-- Work to be completed --
Below are some records; find each line that carries the word "with" and copy it.

-- Excerpted records --

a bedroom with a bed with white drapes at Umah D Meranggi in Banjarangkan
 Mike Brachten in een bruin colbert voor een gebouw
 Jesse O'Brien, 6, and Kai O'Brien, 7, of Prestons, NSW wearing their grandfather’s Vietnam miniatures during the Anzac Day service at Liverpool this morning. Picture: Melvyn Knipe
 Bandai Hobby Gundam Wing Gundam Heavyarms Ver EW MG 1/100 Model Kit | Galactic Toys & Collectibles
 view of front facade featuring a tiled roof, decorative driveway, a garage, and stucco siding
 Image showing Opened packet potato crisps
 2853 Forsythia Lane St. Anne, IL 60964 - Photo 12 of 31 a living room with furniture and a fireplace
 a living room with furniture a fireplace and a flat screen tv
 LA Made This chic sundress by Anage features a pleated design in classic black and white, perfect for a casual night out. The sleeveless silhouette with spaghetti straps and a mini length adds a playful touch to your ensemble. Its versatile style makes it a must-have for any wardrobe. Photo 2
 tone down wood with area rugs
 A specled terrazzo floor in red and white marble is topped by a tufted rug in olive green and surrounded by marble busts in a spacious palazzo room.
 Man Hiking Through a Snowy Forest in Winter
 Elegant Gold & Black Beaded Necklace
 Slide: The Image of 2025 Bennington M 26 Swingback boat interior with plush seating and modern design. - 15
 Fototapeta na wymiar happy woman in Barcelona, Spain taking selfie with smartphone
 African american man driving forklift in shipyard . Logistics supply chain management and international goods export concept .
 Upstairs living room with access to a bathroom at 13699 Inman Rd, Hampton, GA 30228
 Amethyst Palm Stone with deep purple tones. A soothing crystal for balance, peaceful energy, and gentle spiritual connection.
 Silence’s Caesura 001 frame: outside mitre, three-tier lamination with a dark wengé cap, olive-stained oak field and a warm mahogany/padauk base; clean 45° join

-- Solution to this exercise --
a bedroom with a bed with white drapes at Umah D Meranggi in Banjarangkan
 2853 Forsythia Lane St. Anne, IL 60964 - Photo 12 of 31 a living room with furniture and a fireplace
 a living room with furniture a fireplace and a flat screen tv
 LA Made This chic sundress by Anage features a pleated design in classic black and white, perfect for a casual night out. The sleeveless silhouette with spaghetti straps and a mini length adds a playful touch to your ensemble. Its versatile style makes it a must-have for any wardrobe. Photo 2
 tone down wood with area rugs
 Slide: The Image of 2025 Bennington M 26 Swingback boat interior with plush seating and modern design. - 15
 Fototapeta na wymiar happy woman in Barcelona, Spain taking selfie with smartphone
 Upstairs living room with access to a bathroom at 13699 Inman Rd, Hampton, GA 30228
 Amethyst Palm Stone with deep purple tones. A soothing crystal for balance, peaceful energy, and gentle spiritual connection.
 Silence’s Caesura 001 frame: outside mitre, three-tier lamination with a dark wengé cap, olive-stained oak field and a warm mahogany/padauk base; clean 45° join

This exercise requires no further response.